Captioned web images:
....

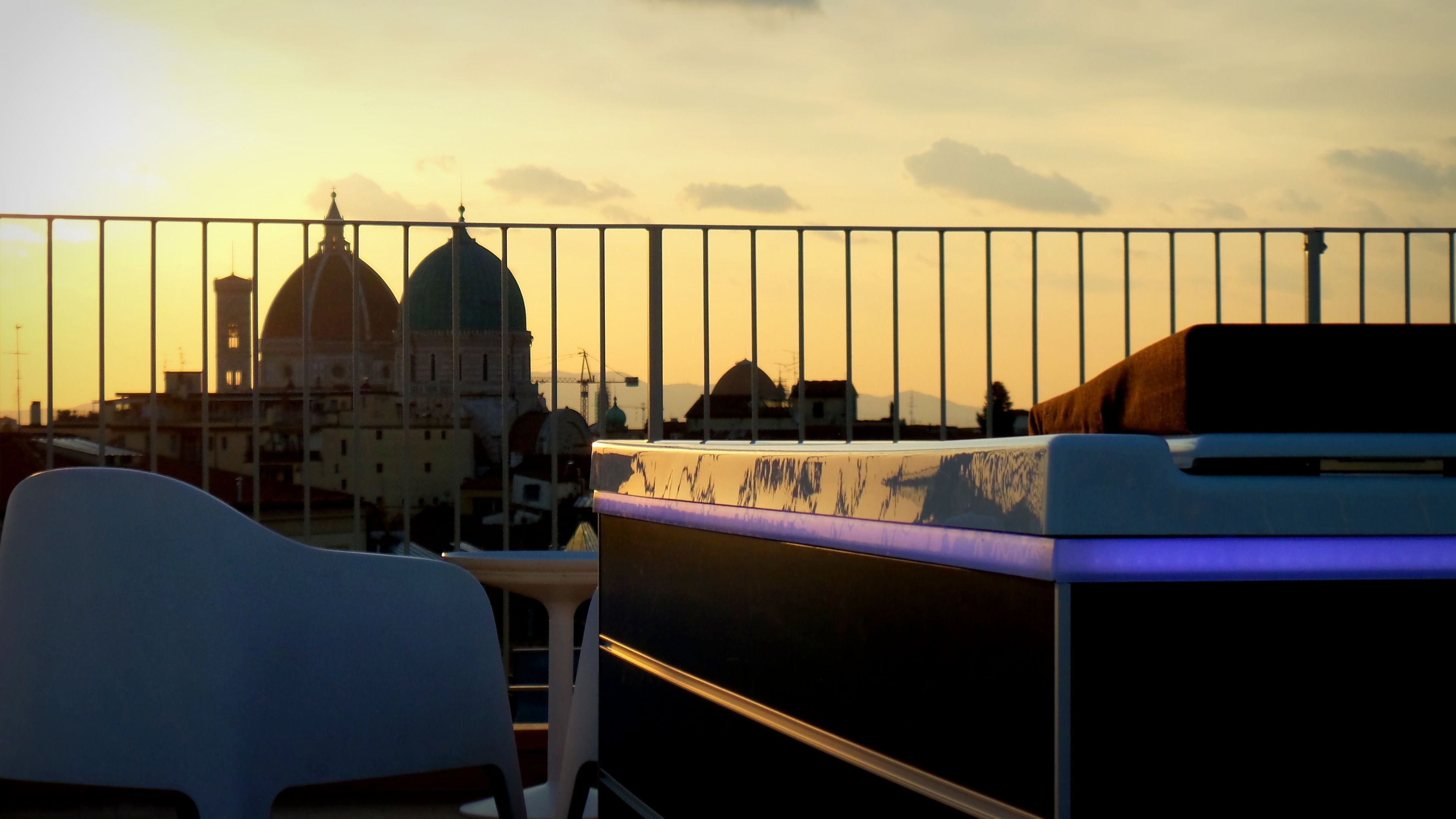 A balcony with a view of a cityscape at sunset, including a prominent building with domes.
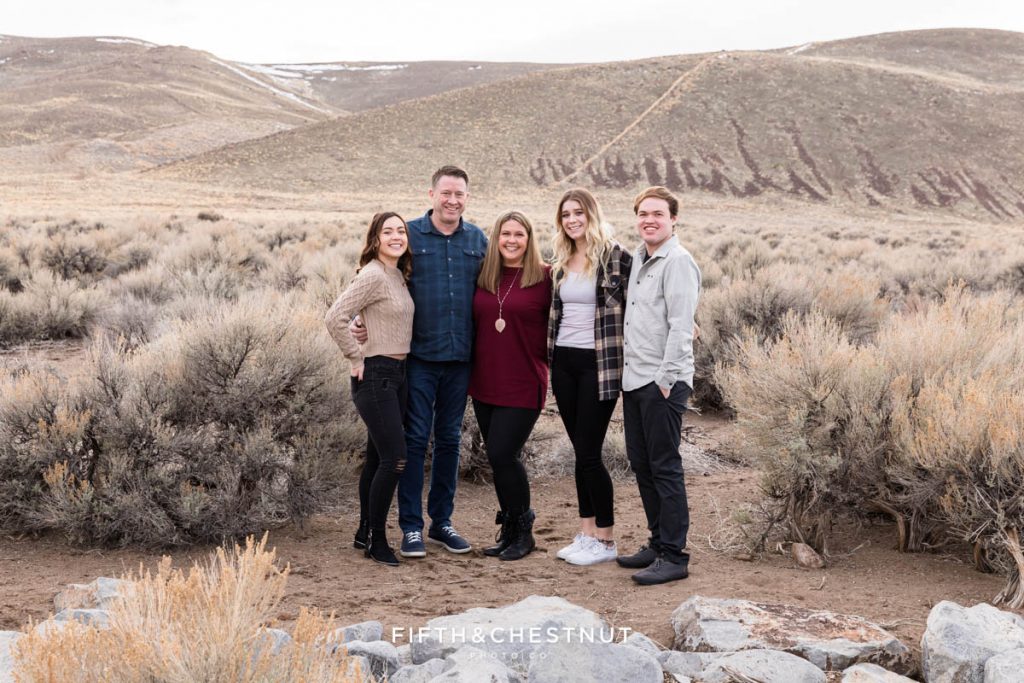 Desert Family Portraits of a family of five wearing dark tones with against a neutral desert backdrop by Reno Family Photographer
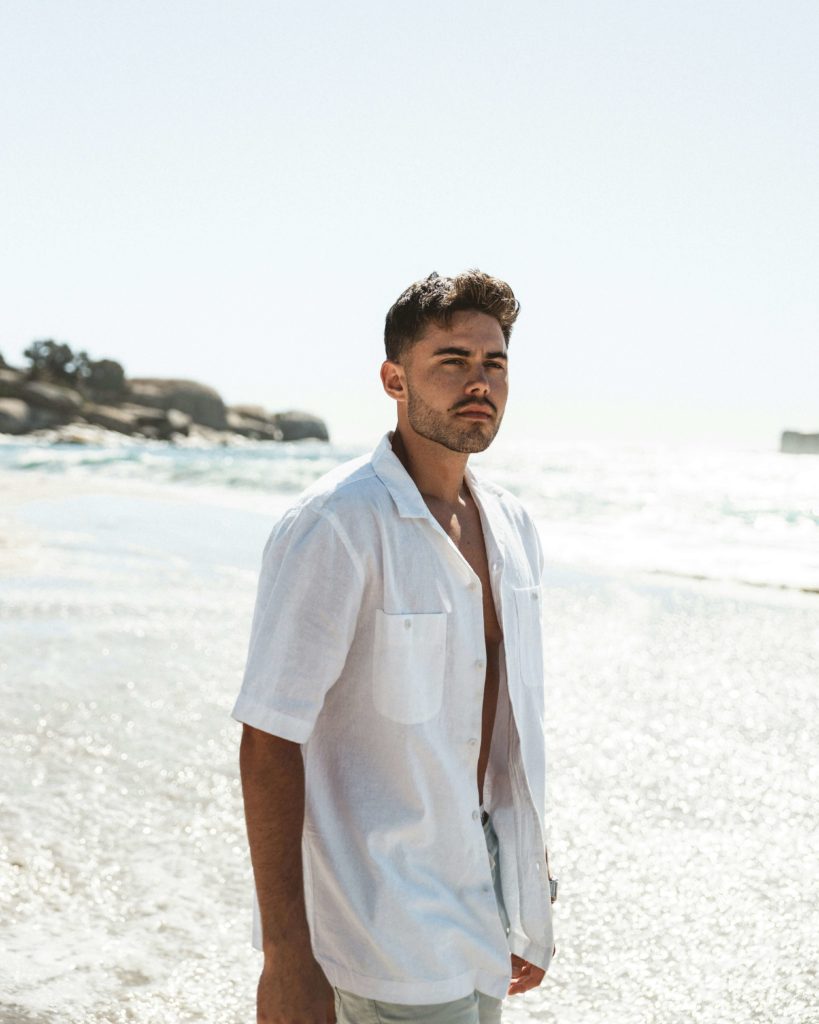 Style plage homme : le guide pour être stylé cet été 3 Homme en chemise légère ouverte sur short de bain, look plage décontracté et soigné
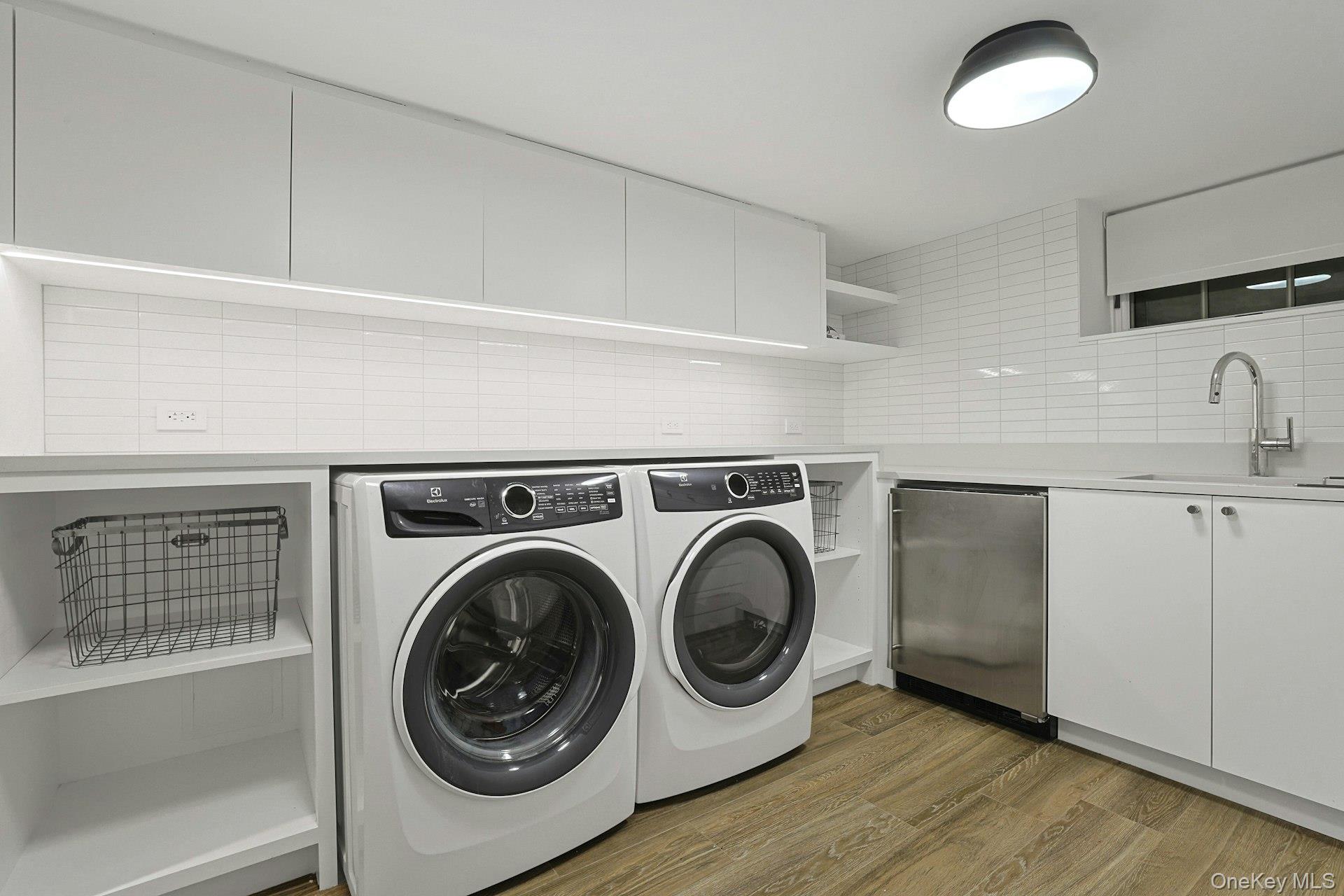 19 Overlook Road Scarsdale, NY 10583 - Photo 46 of 50 a utility room with sink dryer and washer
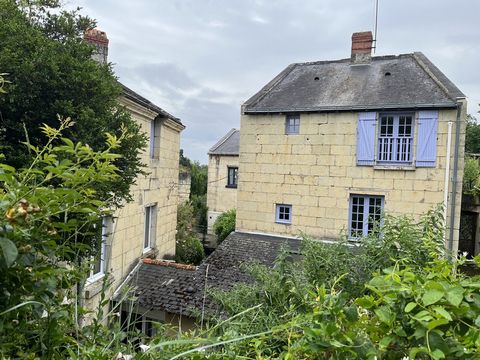 Tufa house in village on the banks of the Loire offering on the ground floor: entrance, kitchen open to beautiful vaulted dining room with fireplace and bread oven, an office, living room / living room with insert, a bathroom Upstairs, landing servin...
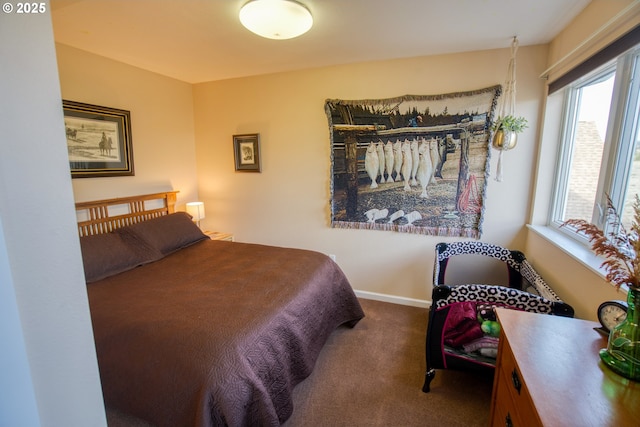 bedroom with carpet floors and baseboards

....

> _How to complete this task_:
Having removed the pictures, write out the records exactly as they stand.

> _Task solution_:
 A balcony with a view of a cityscape at sunset, including a prominent building with domes.
 Desert Family Portraits of a family of five wearing dark tones with against a neutral desert backdrop by Reno Family Photographer
 Style plage homme : le guide pour être stylé cet été 3 Homme en chemise légère ouverte sur short de bain, look plage décontracté et soigné
 19 Overlook Road Scarsdale, NY 10583 - Photo 46 of 50 a utility room with sink dryer and washer
 Tufa house in village on the banks of the Loire offering on the ground floor: entrance, kitchen open to beautiful vaulted dining room with fireplace and bread oven, an office, living room / living room with insert, a bathroom Upstairs, landing servin...
 bedroom with carpet floors and baseboards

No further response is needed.